As we can see in the summary of the model, besides controlling the theaters and years, two more variables significantly influence the opening status. The first one is the marriage rate, and it has a negative relationship with the opening status. It shows that more people are getting married in that area during that decade, and the theaters are more likely to close. It suggests that people who get married are unlikely to go to the Chinese Movie Theaters, which relates to marriage and leisure activities. The plot shows that from 1940 to 2000, marriage negatively impacted theaters’ operating status. However, its impact varies over decades. In 2000, even though the marriage rate was low, it was still hard for theaters to be open. For the later decades, the weight of marriage is not a significant factor that impacts Chinese Movie Theaters’ status. This raises another question: what else is contributing to the closure of Chinese Movie Theaters.
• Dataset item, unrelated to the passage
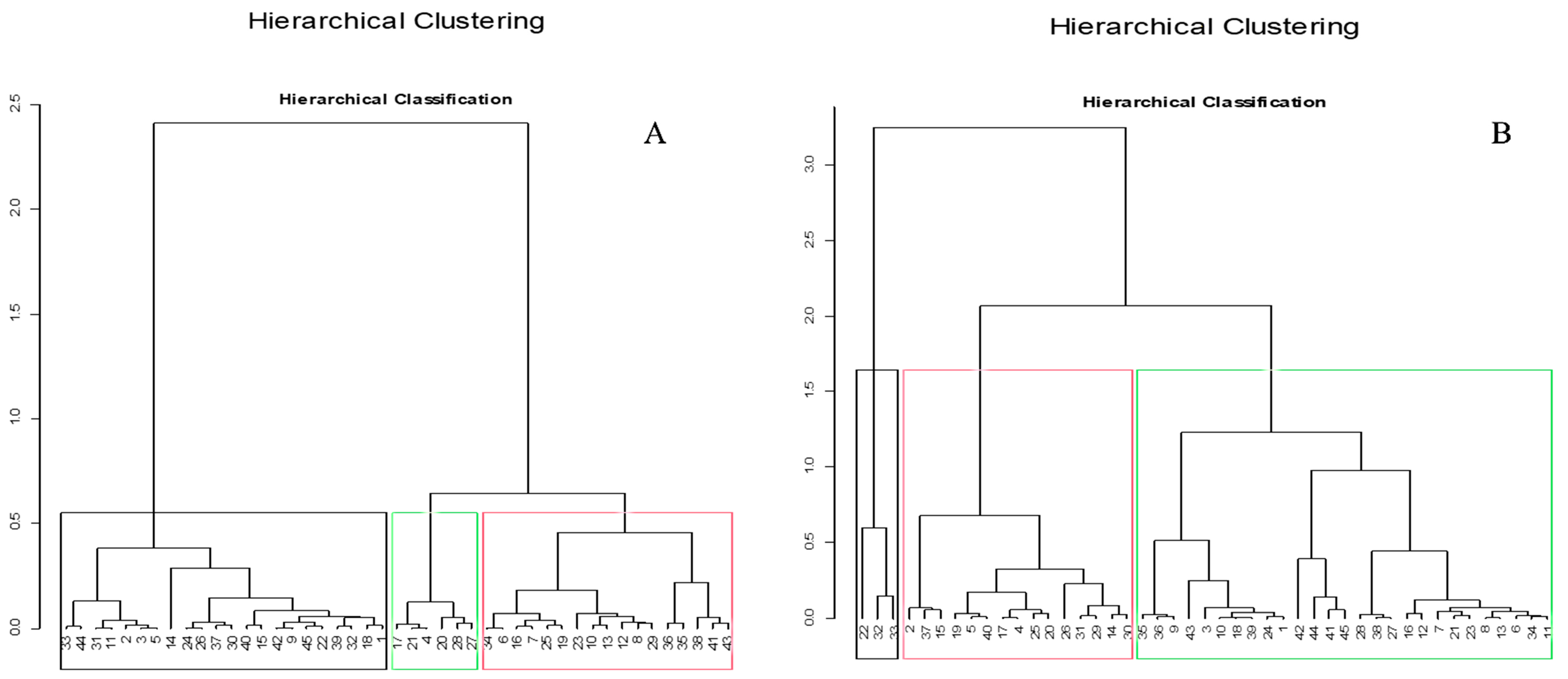 Analytica 05 00008 g006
boxplot(Married~Year,data=df, main="Final Data",
   xlab="Proportion of Marriage People in the Population", ylab="Year")

Another assumption is that the marriage rate could relate to the immigration of the population, as the marriage rate was unusual in 1980 and 1990, which correspond to the time when a new trend of immigration appeared. It also shows new trends in people’s lifestyles and recreational activities in the 1980s and 1990s, and I am still exploring some of the factors that could account for this phenomenon.
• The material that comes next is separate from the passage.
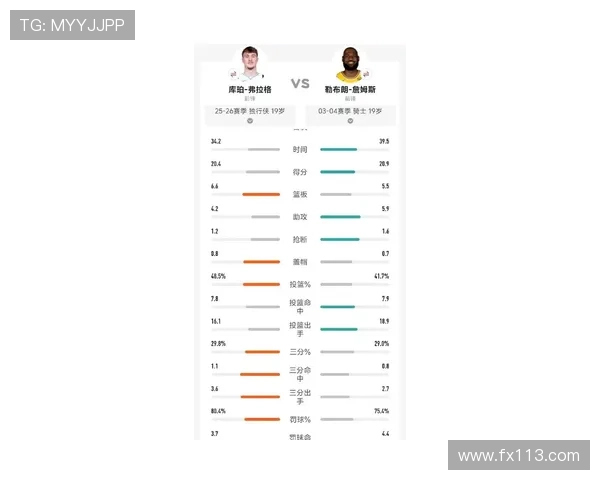 詹姆斯高效发挥贡献全面数据 詹姆斯高效发挥贡献全面数据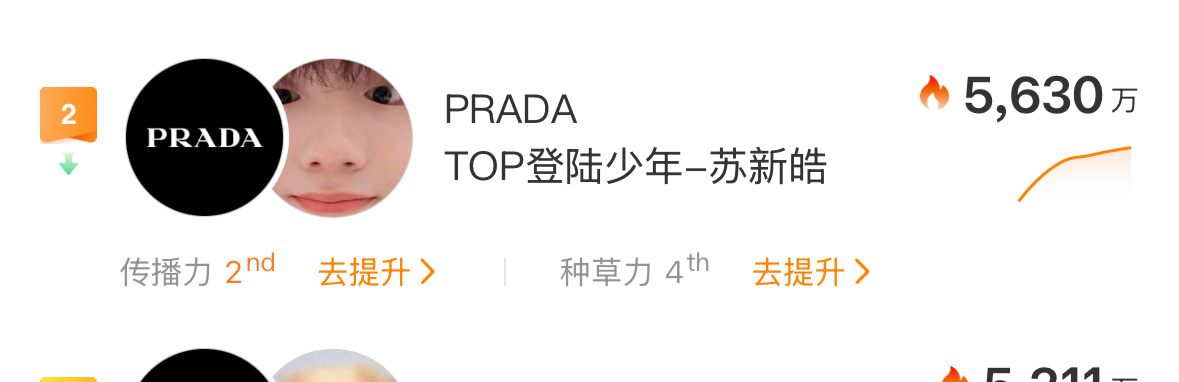 共创晚了影响力数值，快来做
More specifically, according to the logarithm used, the chances that the married group would contribute to the theaters opening is 0.186 units less than the chances that the non-married group would contribute to the opening of the theaters. That is, as the proportion of people getting married increases 1 unit, the odds that the theaters are more likely to be in the opening status by a factor of exp(-0.186) = 0.83 times, holding other variables fixed.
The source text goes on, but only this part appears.